(Records provided)

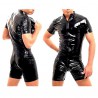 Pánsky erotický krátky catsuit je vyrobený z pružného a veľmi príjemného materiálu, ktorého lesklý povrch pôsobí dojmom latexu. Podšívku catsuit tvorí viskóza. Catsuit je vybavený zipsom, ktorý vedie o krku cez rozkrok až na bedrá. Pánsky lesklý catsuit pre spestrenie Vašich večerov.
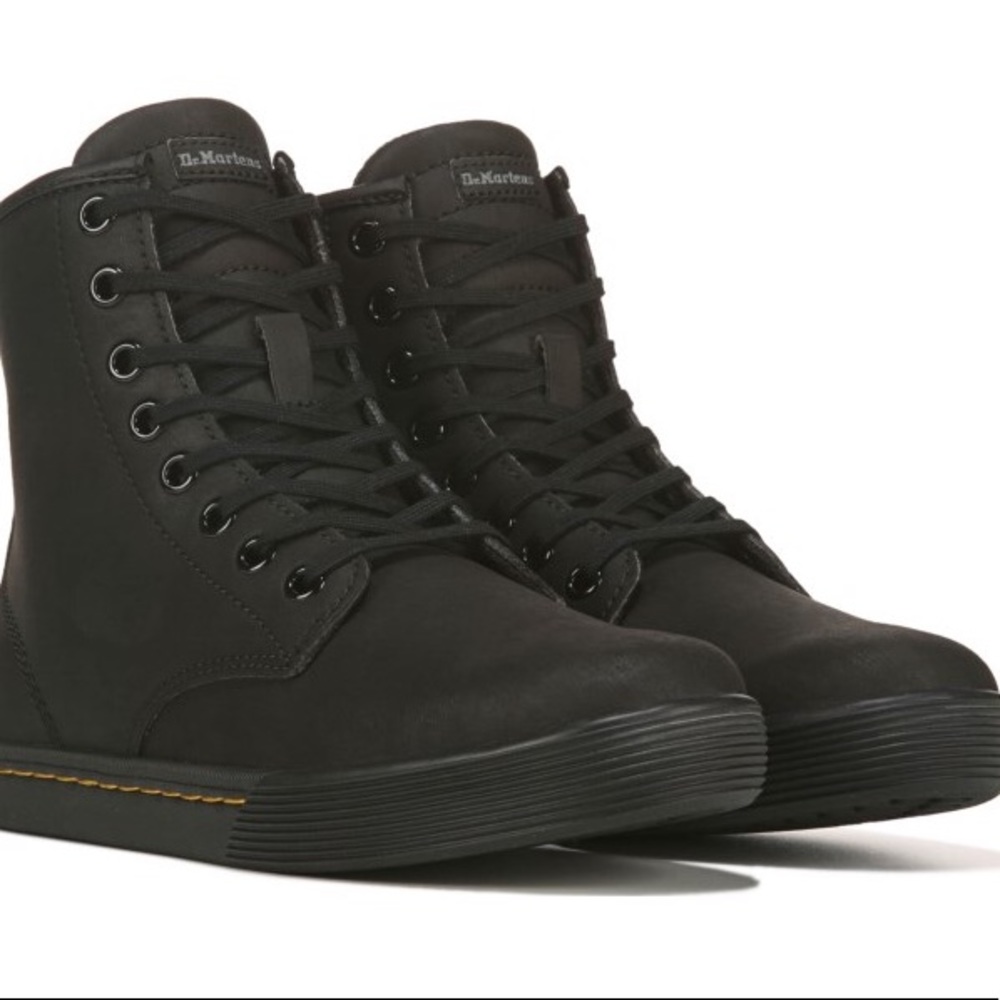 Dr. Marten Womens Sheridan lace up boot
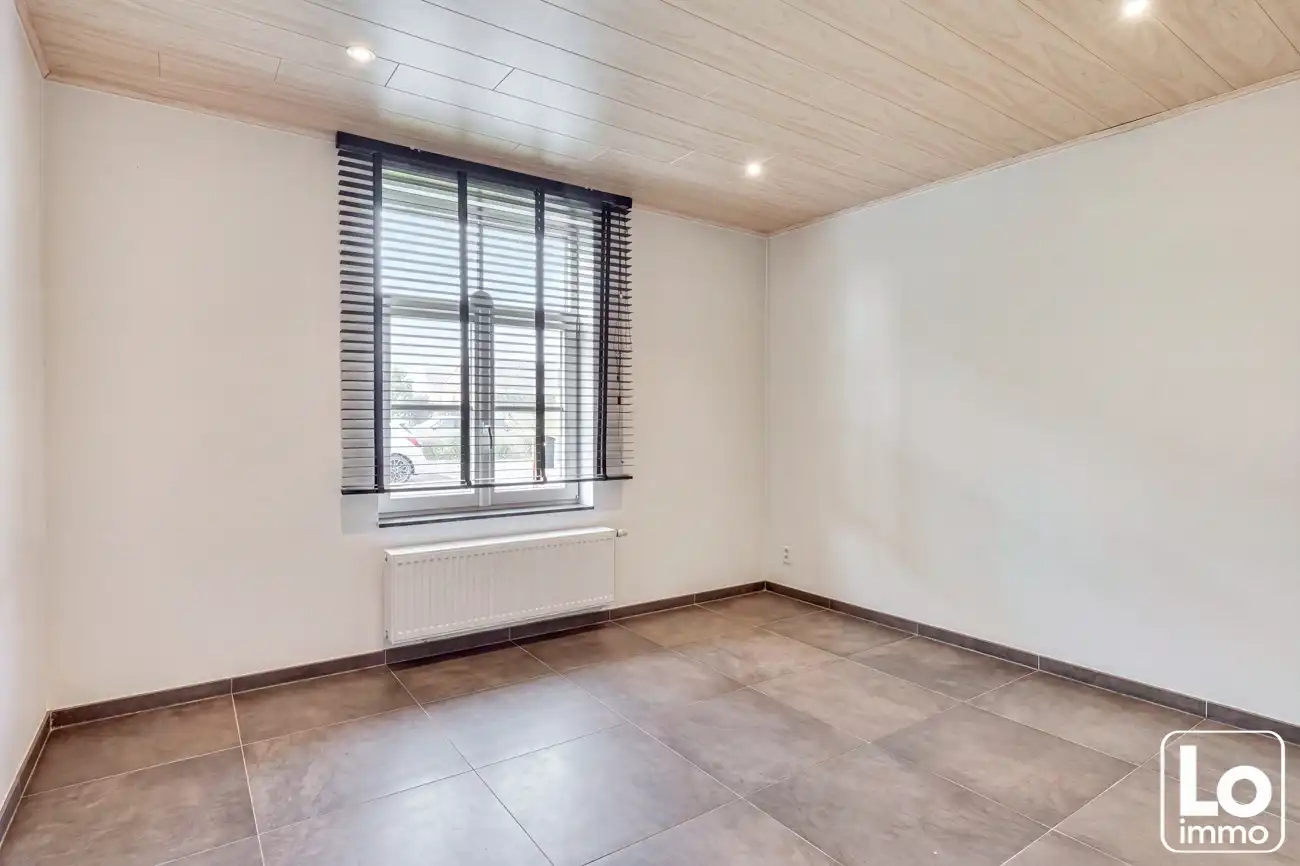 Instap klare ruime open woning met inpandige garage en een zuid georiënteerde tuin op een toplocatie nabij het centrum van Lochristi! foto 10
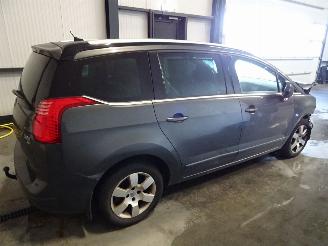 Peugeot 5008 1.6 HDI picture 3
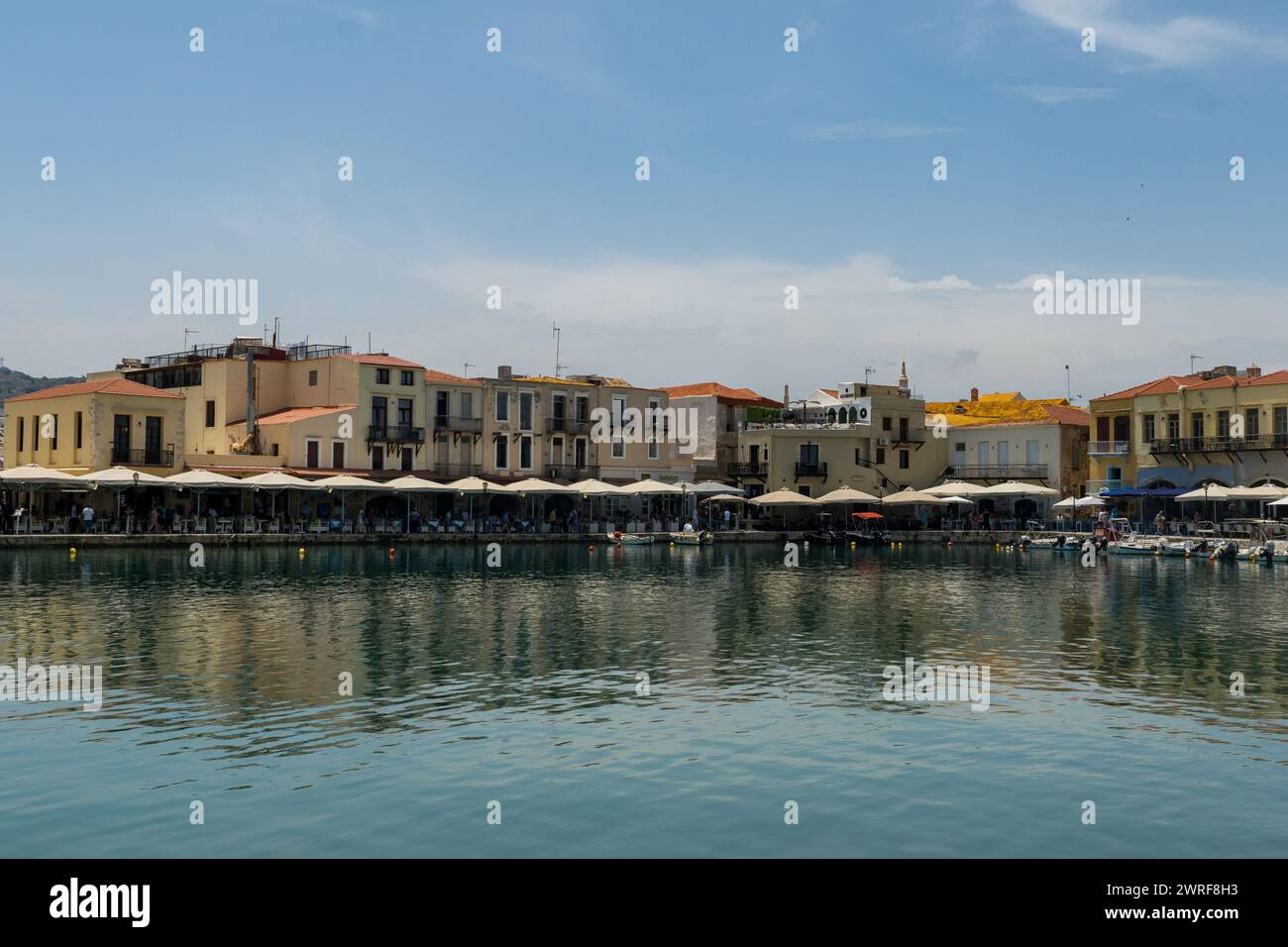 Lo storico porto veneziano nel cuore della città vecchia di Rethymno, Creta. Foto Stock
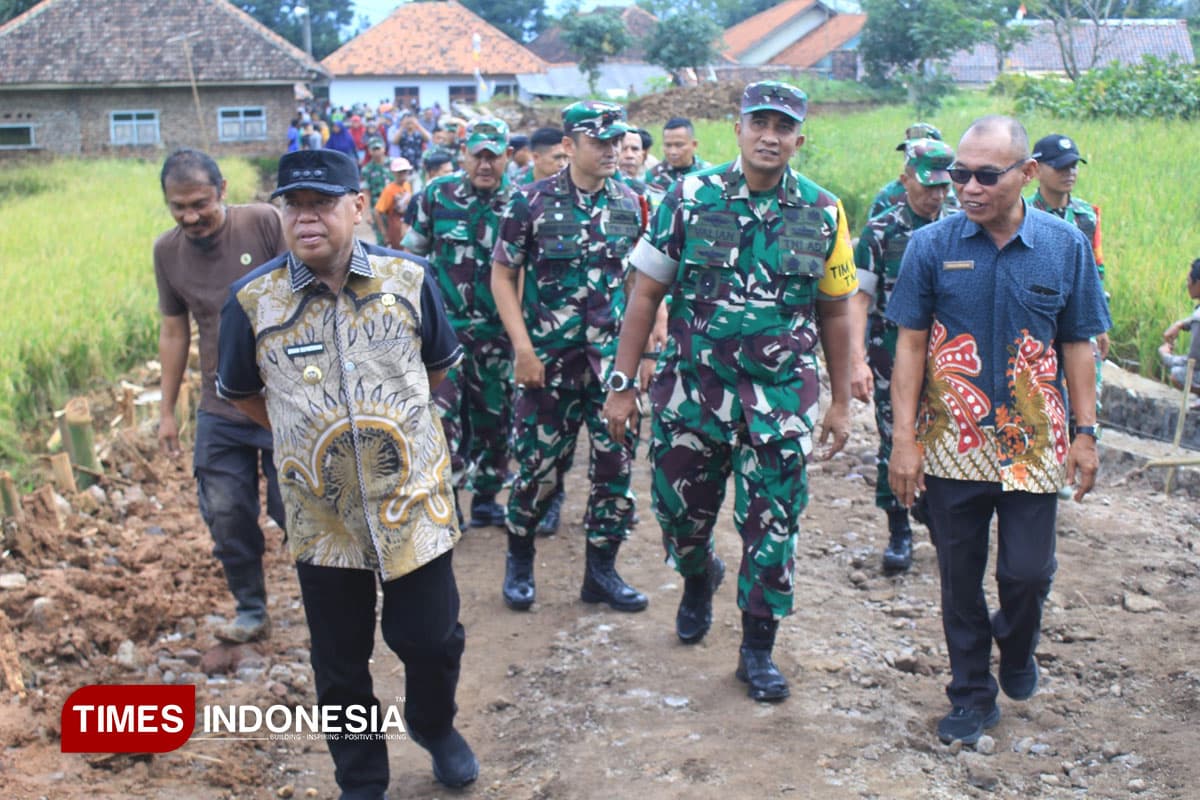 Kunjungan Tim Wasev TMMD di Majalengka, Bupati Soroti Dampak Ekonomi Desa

(End Records provided)

** Task requirements **
Do not include pictures. Copy only the lines running from the line with "Peugeot 5008 1.6 HDI picture 3" through the last line of the records, exactly as they appear.

** Output for this exercise **
 Peugeot 5008 1.6 HDI picture 3
 Lo storico porto veneziano nel cuore della città vecchia di Rethymno, Creta. Foto Stock
 Kunjungan Tim Wasev TMMD di Majalengka, Bupati Soroti Dampak Ekonomi Desa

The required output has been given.